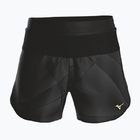 Pantaloncini da running donna Mizuno Active Graphic Multi Pocket yamaori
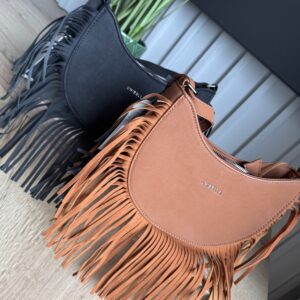 Torebka Frędzle Amica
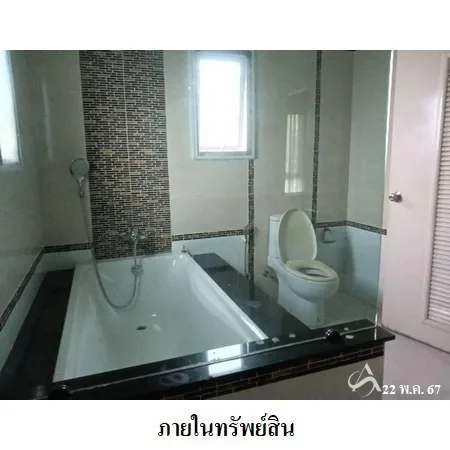 บ้านเดี่ยว วินเทจ โฮม วิลเลจ 3 บ้านฉาง ระยอง - 17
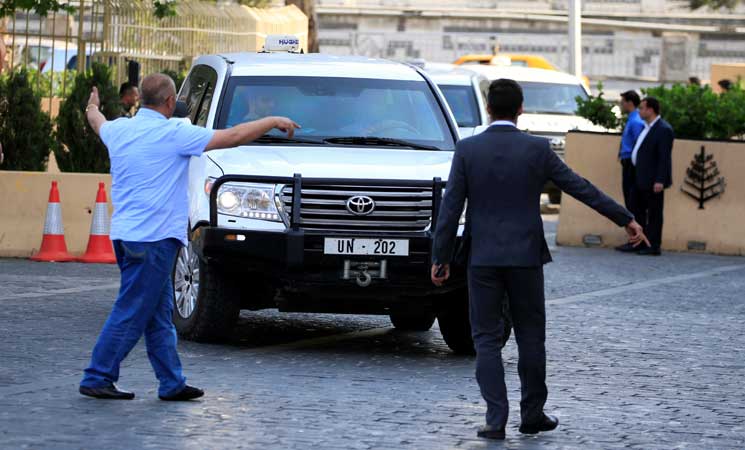 الاسلحة الكيمائية الاسلحة الكيمائية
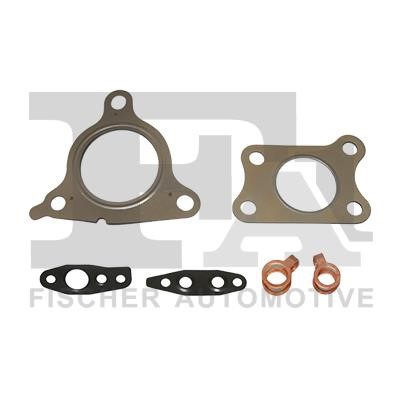 FA1 KT750150E Turbine mounting kit KT750150E KT750150E FA1 Turbine mounting kit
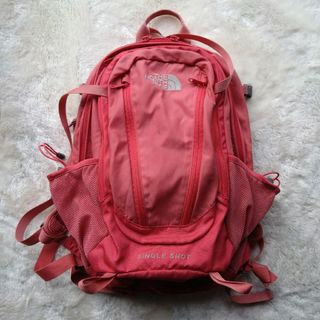 ザノースフェイス(THE NORTH FACE)のTHE NORTH FACE ザ・ノース・フェイス リュック ＮＭ71400(バッグパック/リュック)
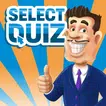 Select Quiz - Trivia game Apk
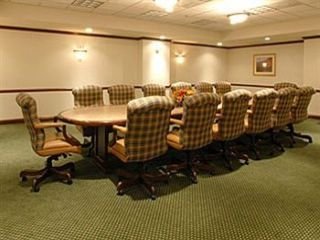 Hotel Oklahoma City Marriott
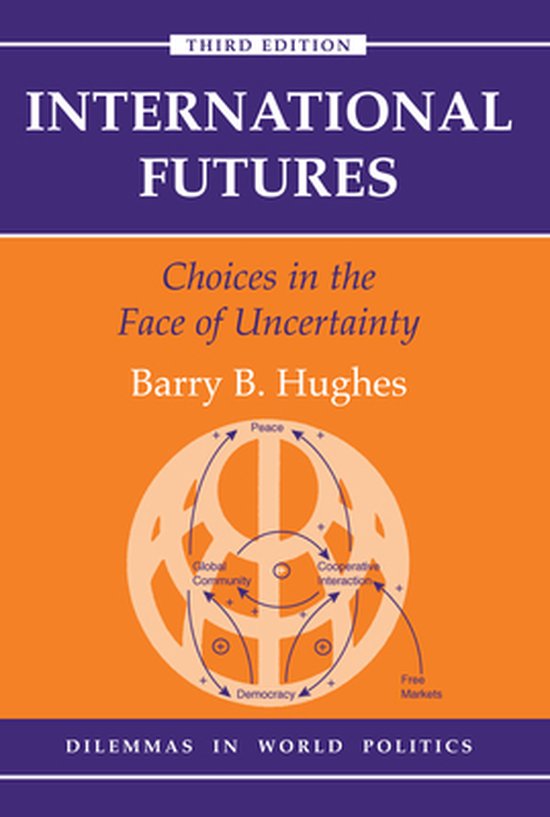 International Futures - cover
════
## YOUR OBJECTIVE
Repeat the records above exactly, from the first line through the line containing "الاسلحة الكيمائية الاسلحة الكيمائية", and leave out the pictures.

## RESPONSE FOR THIS EXERCISE
 Pantaloncini da running donna Mizuno Active Graphic Multi Pocket yamaori
 Torebka Frędzle Amica
 บ้านเดี่ยว วินเทจ โฮม วิลเลจ 3 บ้านฉาง ระยอง - 17
 الاسلحة الكيمائية الاسلحة الكيمائية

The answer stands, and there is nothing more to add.